Being sans processor didn't stop me from baking a wonderfully moist fruit cake on Friday afternoon however. I simply needed to find a way to blend all of the ingredients that I would usually pop into the mixer. So I heated them up!
Here is my recipe for a wonderfully simple, traditional fruit cake. It's perfect with your afternoon cup of tea and wonderful with a big blob of strawberry jam!
Cherry's Classically Simple Fruit Cake
Put 4oz of butter, 6 oz of caster (superfine) sugar, 7 oz of seedless raisins, 7oz of sultanas, 1tsp of bicarbonate of soda (baking soda), half a teaspoon of ground cinnamon, half a teaspoon of ground nutmeg and 2 eggs (whisked) into a pan. Heat the ingredients gently on a moderate heat letting it bubble for approximately two minutes after reaching the bubbling stage.
Pour the heated ingredients into a mixing bowl and place into the fridge for twenty minutes, allowing it to cool off a little bit. After twenty minutes remove the bowl from the fridge and add 4 oz of plain flour, 4oz of self raising flour and a pinch of salt. Mix into the melted mixture, slowly but throughly, with a wooden spoon. Ensuring that all flour bubbles disappear.
Pour the entire mixture into a loaf tin and bake in the middle of an oven for between 1 hour 10 minutes and one hour twenty minutes on 180 degrees centigrade. Test the inside of the cake by placing a knitting needle into the loaf and observing to see if it comes out dry or covered in wet mixture (you know all this, why am telling you?!). A fruit cake such as this should be allowed to go a shade darker than you would allow a sponge to go, so remember that when you want to rescue it from the clutches of the oven.
Enjoy it with a pot of tea made from loose leaves. I recommend Taylor's, Yorkshire Tea. It's the only tea I drink nowadays!





I make a boiled fruit cake, in which you put the ingrediants in the saucpan on the stove, then add flour then straight into tin, and oven. No need to put in the fridge.

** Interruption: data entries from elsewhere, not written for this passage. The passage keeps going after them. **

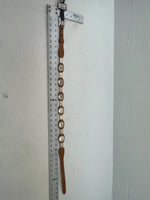 New Brown Genuine Leather Double S Gold Pendent 30” Belt #3211448 JJ-8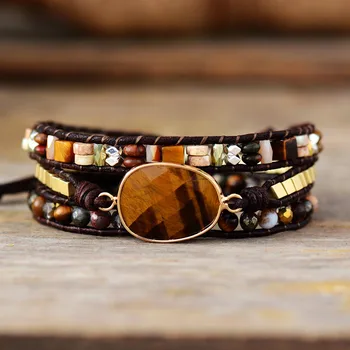 Men Women Brown Leather Wrap Bracelet W/ Tiger Eye Mixed Stones Beaded 3 Strands Bracelet Lovers Jewelry Wholesale Dropship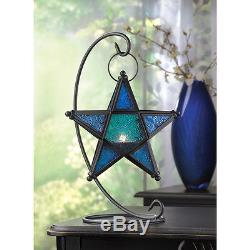 10 BLUE Moroccan STAR 14 Candle holder Lantern light wedding table centerpiece
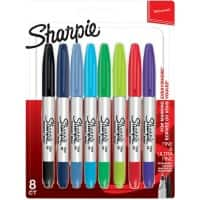 Sharpie Twin Tip Permanent Marker Fine Bullet 0.5 mm Assorted Pack of 8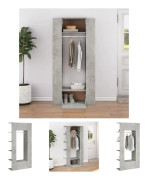The Living Store Hallskåp 2 st betonggrå konstruerat trä - Förvaringsskåp & garderober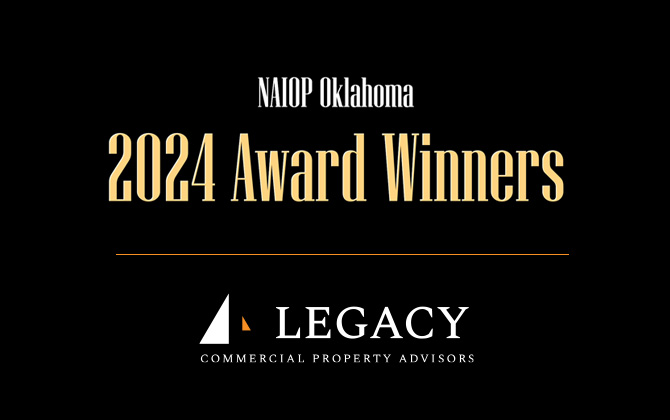 William Beichler, SIOR, CCIM; Lisa Brandes, RPA; David Looney, SIOR, CCIM; Ben Ganzkow, CCIM; and Sam Mitchell, CCIM were recognized at the 2024 NAIOP Oklahoma Awards Ceremony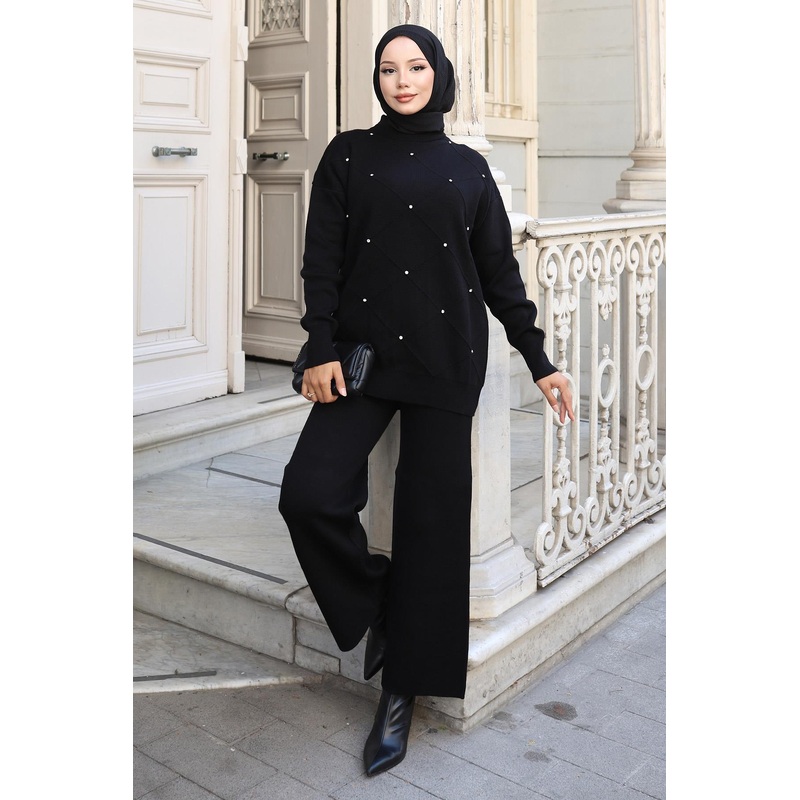 Stone Detailed Knitwear Suit Black 6148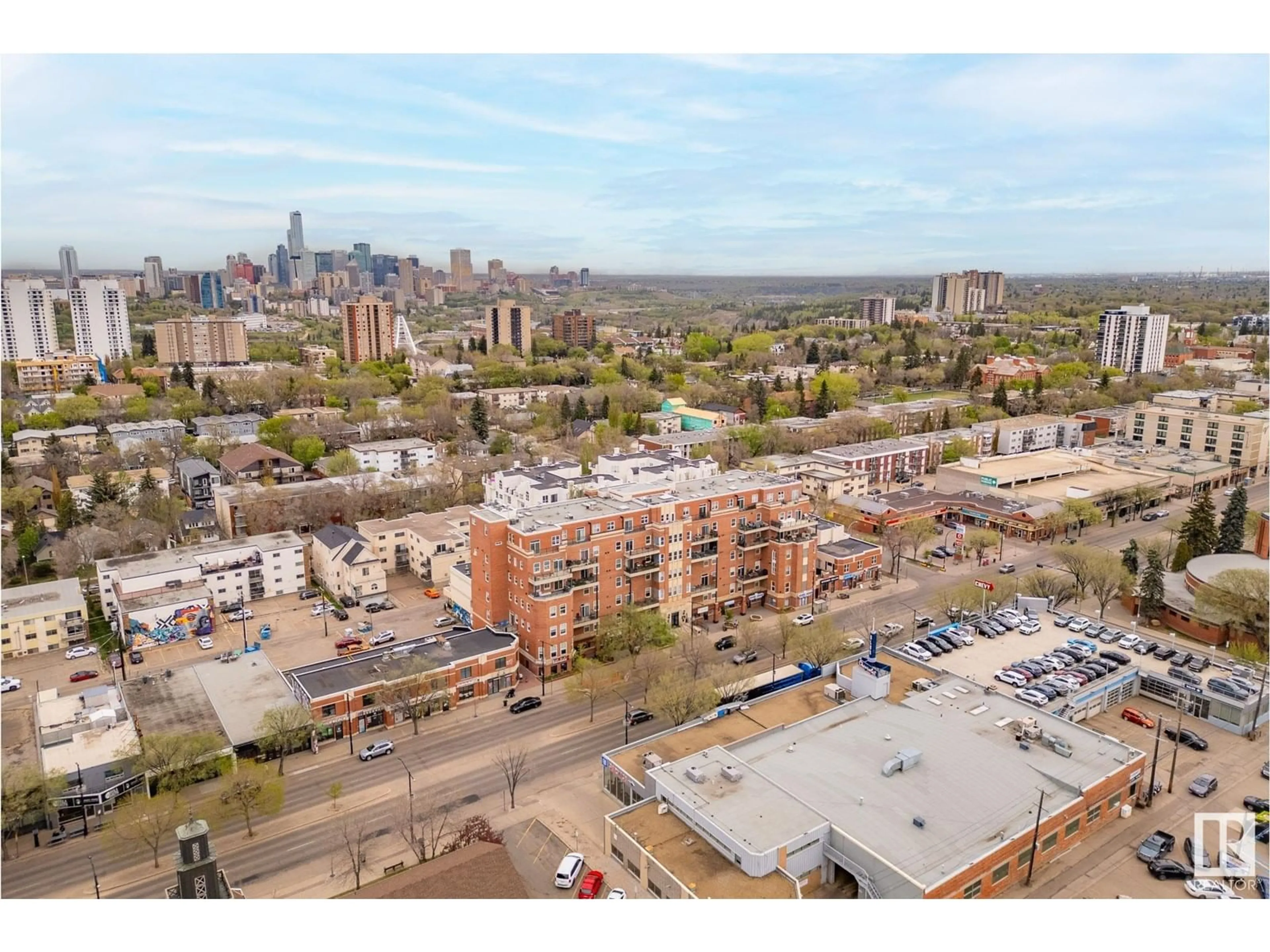 A pic from outside/outdoor area/front of a property/back of a property/a pic from drone, city buildings view from balcony for 10728 82 AV, Edmonton Alberta T6E6P5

I love it, it's really moist.
When the plumber came to do some work in my kitchen he knocked the lid of my food processor over and accidently broke it !
Posted by: weirdbunny | April 18, 2007 at 12:34 AM
Whilst I love Taylors tea, I ADORE Glengette tea, aparently you can only get it in certain parts of Wales and Shropshire (I get it in Church Stoke near my Parents Caravan) IT IS HEAVEN!! There is a place called the Bird on the Rock tearooms (in nearby Clungunford) which do their own blend too and sell it in little packets like my Grandma used to get!
I'm SO going to have to do some baking this evening!
Thanks for the great post as ever!
Posted by: Sarah | March 20, 2007 at 04:44 PM
I tell you what Cherry, since we had the samples on the exhibition, I have not stopped drinking this tea. I bought a 80 box to bring back to France. I now have to look for a supplier in Paris (probably have to give them a phone call to find out) cause I'm Yorkshire tea addicted !
Posted by: Violette | March 20, 2007 at 02:29 PM
Fruit cake jam and English tea. Now you're talking.
Posted by: writershand | March 15, 2007 at 04:54 PM
I'm very old fashioned with tea these days. The tea strainer rarely goes back in the draw!
Posted by: Scott at Realepicurean | March 13, 2007 at 06:22 PM
Must try this tomorrow -- BTW -- check out Waitrose.com -- check the Unit Conversions sections -- has the American equivalents -- for example 180 degrees C equals 350 degrees F. Very handy guide!!!
Jan x
here making tea at Rosemary Cottage -- and thinking about baking!
Posted by: Teacats | March 13, 2007 at 03:11 AM
I have just discovered this blog and I think it is fantastic !!